Les nouvelles données proviennent de l’agence de presse américaine Human Rights Activists News Agency, qui s’est révélée fiable lors de plusieurs vagues de troubles en Iran. Le groupe vérifie chaque décès grâce à un réseau d’activistes sur le terrain en Iran.
Parmi les victimes, l’agence a identifié au moins 5777 manifestants, 214 membres des forces affiliées au gouvernement, ainsi que 86 enfants et 49 civils qui ne manifestaient pas. La répression a donné lieu à plus de 41 800 arrestations, a ajouté l’agence.
L’Associated Press n’a pas été en mesure d’évaluer de manière indépendante le nombre de victimes, les autorités ayant coupé l’accès à Internet et perturbé les communications téléphoniques vers la République islamique.
Le gouvernement iranien a estimé le nombre de morts à 3117, soit un chiffre bien inférieur. Il a affirmé que 2427 des victimes étaient des civils et des membres des forces de sécurité, et qualifié les autres de «terroristes». Dans le passé, la théocratie iranienne a sous-estimé ou n’a pas signalé les décès liés aux troubles.
Ce bilan dépasse celui de tous les autres troubles survenus dans le pays depuis des décennies et rappelle le chaos qui a entouré la révolution islamique iranienne de 1979.
Les manifestations en Iran ont commencé le 28 décembre, déclenchées par la chute de la monnaie iranienne, le rial, et se sont rapidement propagées dans tout le pays.
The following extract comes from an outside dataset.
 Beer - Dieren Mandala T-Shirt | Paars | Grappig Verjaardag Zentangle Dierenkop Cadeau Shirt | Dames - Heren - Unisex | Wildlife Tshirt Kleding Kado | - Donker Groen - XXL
Elles ont été réprimées violemment par la théocratie iranienne.
Lundi soir, lors d’une réunion du Conseil de sécurité de l’ONU, l’ambassadeur iranien auprès des Nations unies a déclaré que les menaces répétées du président Donald Trump d’utiliser la force militaire contre le pays «ne sont ni ambiguës ni mal interprétées».
Amir Saeid Iravani a également réitéré ses allégations selon lesquelles le dirigeant américain aurait incité à la violence des «groupes terroristes armés» soutenus par les États-Unis et Israël, mais n’a fourni aucune preuve à l’appui de ses affirmations.
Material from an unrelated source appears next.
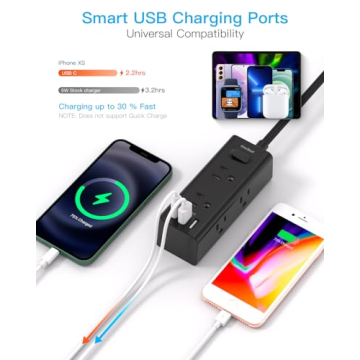 Compact 1Ft Flat Plug Power Strip with USB Ports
Les médias d’État iraniens ont tenté d’accuser des forces étrangères d’être à l’origine des manifestations, alors que la théocratie reste largement incapable de remédier à la situation économique difficile du pays. L’Iran reste soumis à des sanctions internationales, notamment en raison de son programme nucléaire.
Chute de la monnaie
Mardi, les bureaux de change ont proposé un taux de change entre le rial et le dollar américain historiquement bas à Téhéran, à 1,5 million pour 1 $ US.
L’Iran a déjà considérablement limité ses taux de change subventionnés afin de réduire la corruption. Il a également offert l’équivalent de 7 $ US par mois à la plupart des habitants du pays pour couvrir la hausse des coûts.
Cependant, il y a seulement dix ans, le rial s’échangeait à 32 000 pour 1 $ US. Sa chute a anéanti la valeur des économies des Iraniens.
Arrivée d’un porte-avions
Un groupe aéronaval américain est arrivé au Moyen-Orient pour diriger toute réponse militaire américaine à la crise.
L’arrivée du porte-avions USS Abraham Lincoln et des destroyers lance-missiles qui l’accompagnent donne aux États-Unis la capacité de frapper l’Iran, d’autant plus que les États arabes du Golfe ont fait savoir qu’ils souhaitaient rester en dehors de toute attaque, même s’ils accueillent du personnel militaire américain.
Deux milices soutenues par l’Iran au Moyen-Orient ont quant à elles fait part de leur volonté de lancer de nouvelles attaques, probablement pour soutenir l’Iran.
L’Iran a menacé à plusieurs reprises de plonger tout le Moyen-Orient dans une guerre, bien que ses défenses aériennes et son armée soient encore sous le choc de la guerre lancée en juin par Israël.
Mais la pression exercée sur son économie pourrait déclencher de nouveaux troubles, car les produits de consommation courante deviennent peu à peu inaccessibles à la population.